I just read The Economist’s lead article this week titled “Angry China”. I came away from it disappointed, and I would like to explain why.
The main gist of the article is that the Chinese government should be worried about the rising tide of Chinese nationalism because a great deal of the anger now directed at western policies and interests are in fact, anger at Chinese government policy. Handled the wrong way, this tide of Chinese nationalism could very well turn against the Chinese government, leading to unpredictable consequences.
Here are the money quotes:
China’s rage is out of all proportion to the alleged offences. It reflects a fear that a resentful, threatened West is determined to thwart China’s rise. The Olympics have become a symbol of China’s right to the respect it is due. Protests, criticism and boycott threats are seen as part of a broader refusal to accept and accommodate China.
There is no doubt genuine fury in China at these offences; yet the impression the response gives of a people united behind the government is an illusion. China, like India, is a land of a million mutinies now. Legions of farmers are angry that their land has been swallowed up for building by greedy local officials. People everywhere are aghast at the poisoning of China’s air, rivers and lakes in the race for growth. Hardworking, honest citizens chafe at corrupt officials who treat them with contempt and get rich quick. And the party still makes an ass of the law and a mockery of justice.
This is a classic “bait-and-switch” argument. The anger directed at the west is in fact domestic Chinese anger at Chinese government policies, according to this thesis. This is a dismissal of any anger at the west as an argument completely without merit, and an attempt to shift all of the blame onto the Chinese government.
It is exactly this kind of argument which Chinese see as western hypocrisy and double standards. Of course there is anger at some Chinese government policies, but these are a separate issue. Please don’t try to change the subject!
Sure, there are some aspects of Chinese government policy which Chinese citizens would like to see change. But the pro-Tibetan independence folk have committed the sin of lumping Chinese citizens together with the Chinese government in their criticisms. To the Chinese, it seems like a classic attempt to hijack the Olympics, something which almost all Chinese are truly proud of, and to turn it into a bully pulpit for their claims of Tibetan independence.
What angers both the Chinese government policymakers and people is that while the country has developed in economic terms and yes, even in human rights terms, that has not been recognized in the west. Instead, there continue to be politicians and media figures who continue to hector China, and play a leading role in shaping western opinions and political policy about China. To the Chinese, it seems like no matter how hard they run to the finish line, there is always someone out there moving the finish line even further away while they are running the race.
Trying to steal the Olympics and letting the Chinese have their day in the sun would be very similiar to insulting an American simply because George W Bush is his president. This is exactly what the pro-Tibetan independence supporters, and the China media critics have done.
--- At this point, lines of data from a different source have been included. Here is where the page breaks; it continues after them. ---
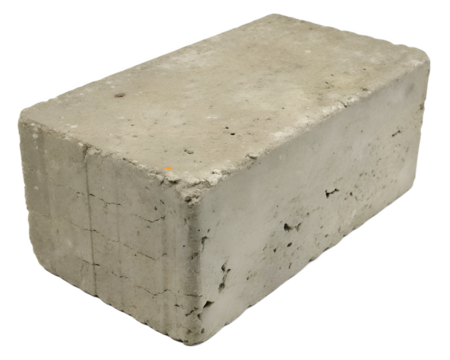A single concrete brick isolated on transparent background - Powered by Adobe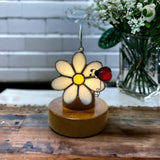 Glass Cover- Daisy Flower with Ladybug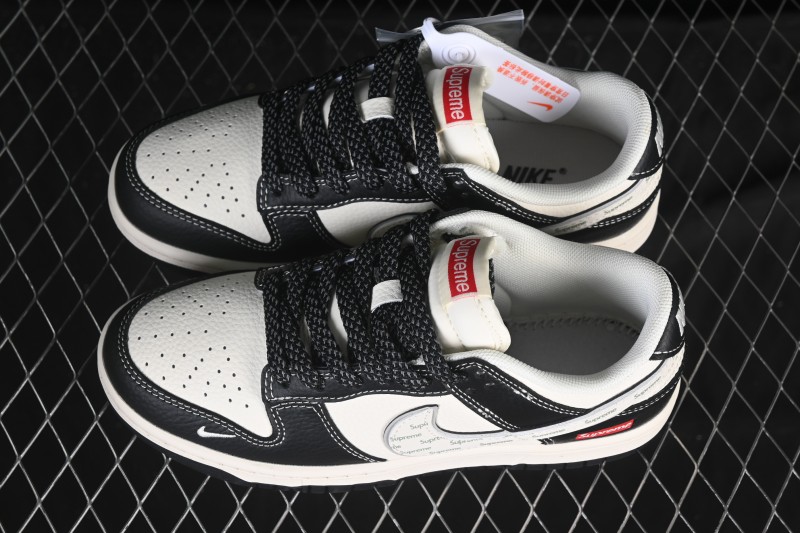Nike SB Dunk Low Supreme Collaboration Beige Black Silver High-End Custom Low-Top Casual Skate Shoes - HH7518-099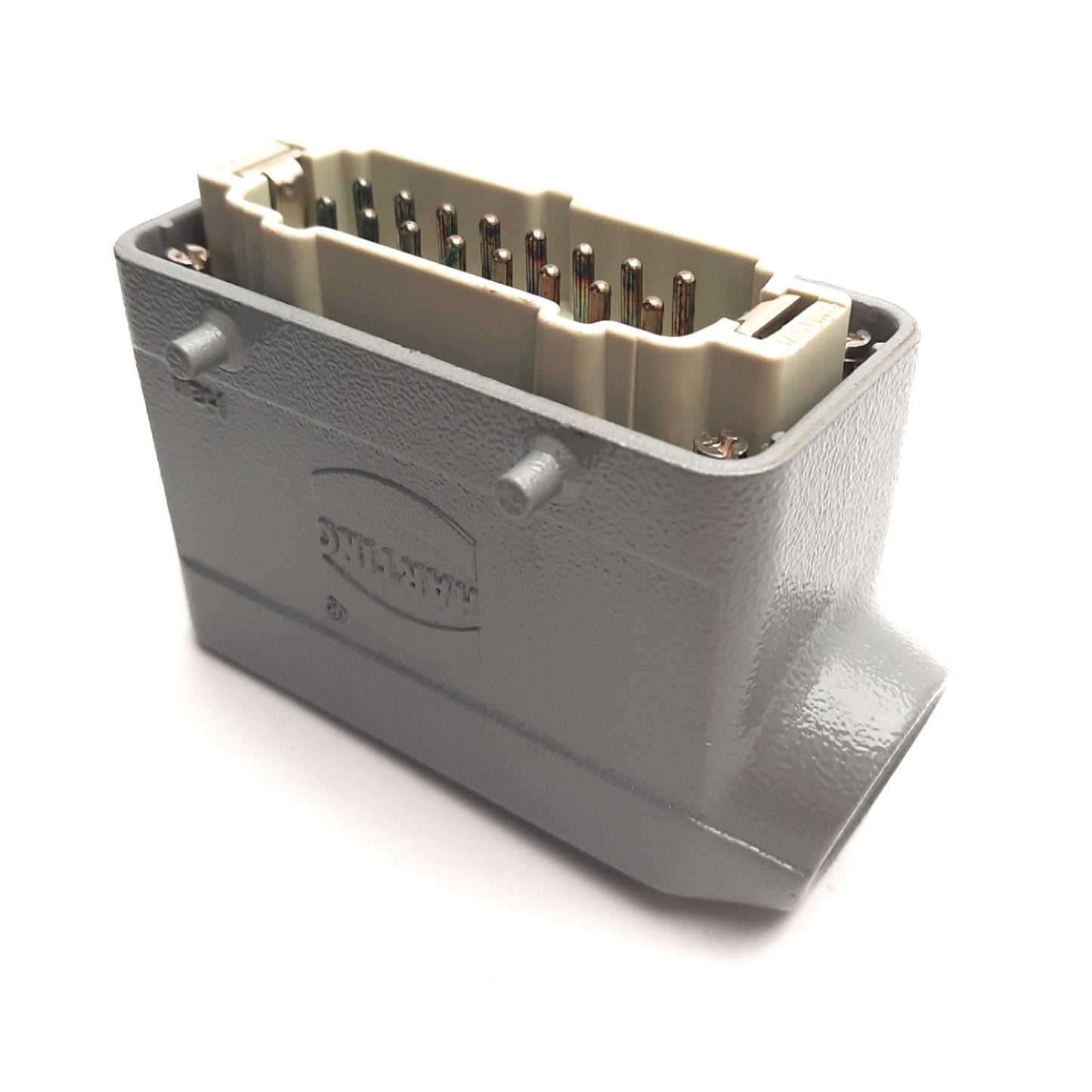 Used Harting HAN-E16M Male HDC Insert W/ 90° Housing, 16-Pos, 500V 16A, 09330162601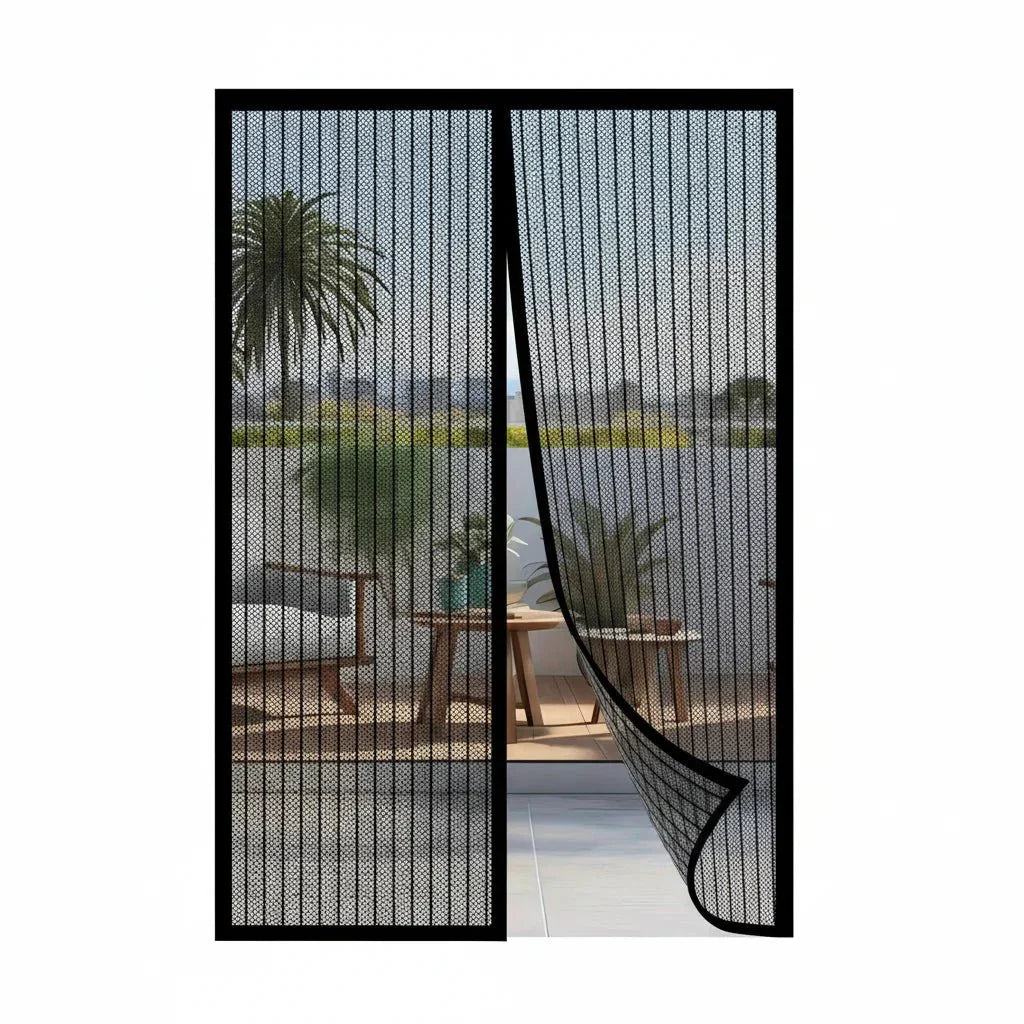 Self-closing magnetic curtain for doors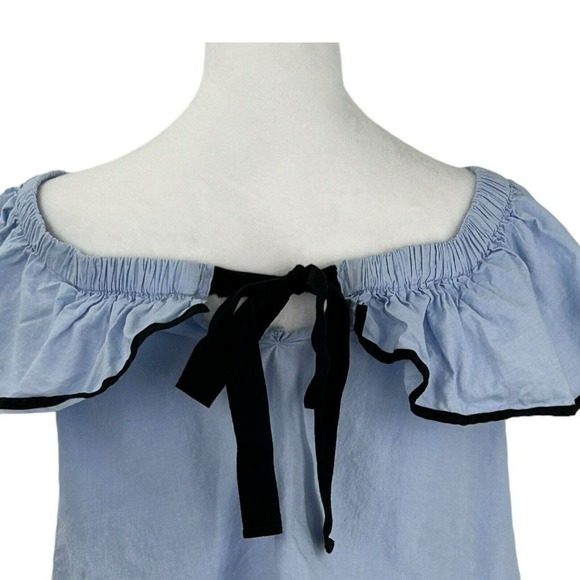 ZARA Poplin Crop Off Or Shoulder Blue Black Trim Black Tie Size Small - Picture 3 of 8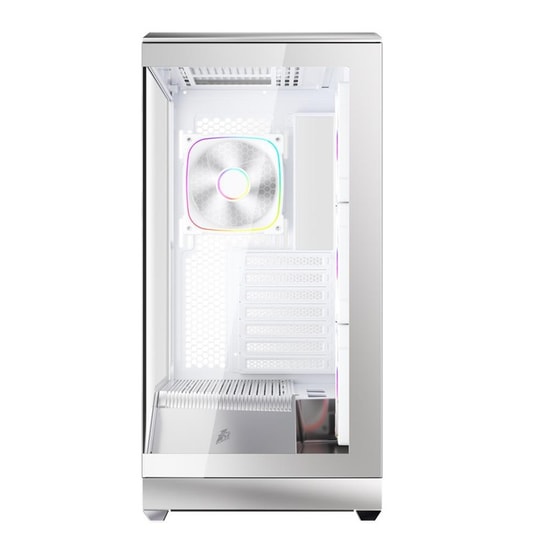 1st Player GM7 BTF Gümüş ATX Bilgisayar Kasası (GM7-BTF-SLV-4F) - 4x12cm ARGB Fan, Temperli Cam, Type-C, USB 3.0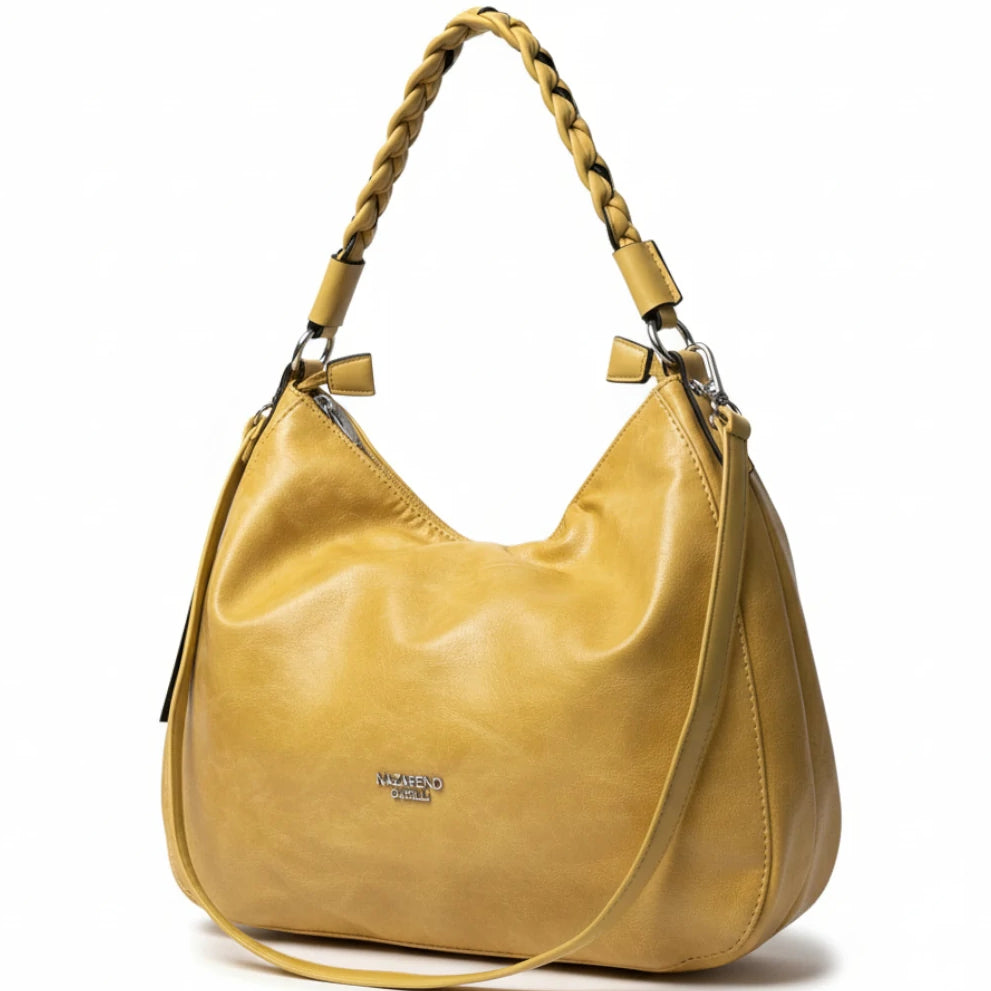 Nazareno Gabrielli - Borsa morbida a sacco hobo capiente unica tinta nuovo firmata mono manico intrecciato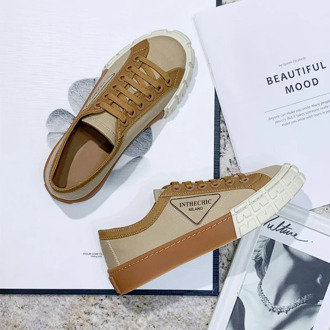 Mixed Color Women Platform Shoes High Quality Canvas Shoes Women Lace Up Low Top Chunky Sneakers Fashion White Shoes New 2020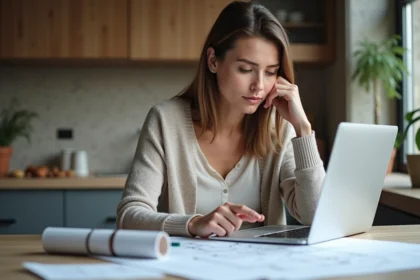 Femme en intérieur moderne examinant des plans de maison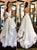 White Tulle Appliques Prom Dresses with Ruffles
Why should these people, who have little deep understanding of China and the Chinese (or Tibetans for that matter) have such an influential role in shaping opinion about such an important relationship as the west’s relationship with China, and be given so much ink and free air time? In light of this, why shouldn’t Chinese get angry about this very unfair and one-sided view which is put forward in much of the western media, and then passed off as the truth? And why doesn’t the western media instead reach out to westerners who have lived in China, and maybe, even speak the language in order to get a deeper understanding of the country?
Is this fair?
The real reason many Chinese are angry is not redirected anger at Chinese government policies, it is a genuine anger at a very biased and one-sided view about China which casts it as irresponsible, selfish, oppressive and wrong, and then throwing all Chinese citizens into the same basket.
The Economist is, generally speaking, a fair and open-minded newspaper, and usually presents well thought-out positions and arguments . It should look deeper than dismiss all of the Chinese anger out of hand.
If this lead article is the best that they can do, then I’m not optimistic about relations between China and the west.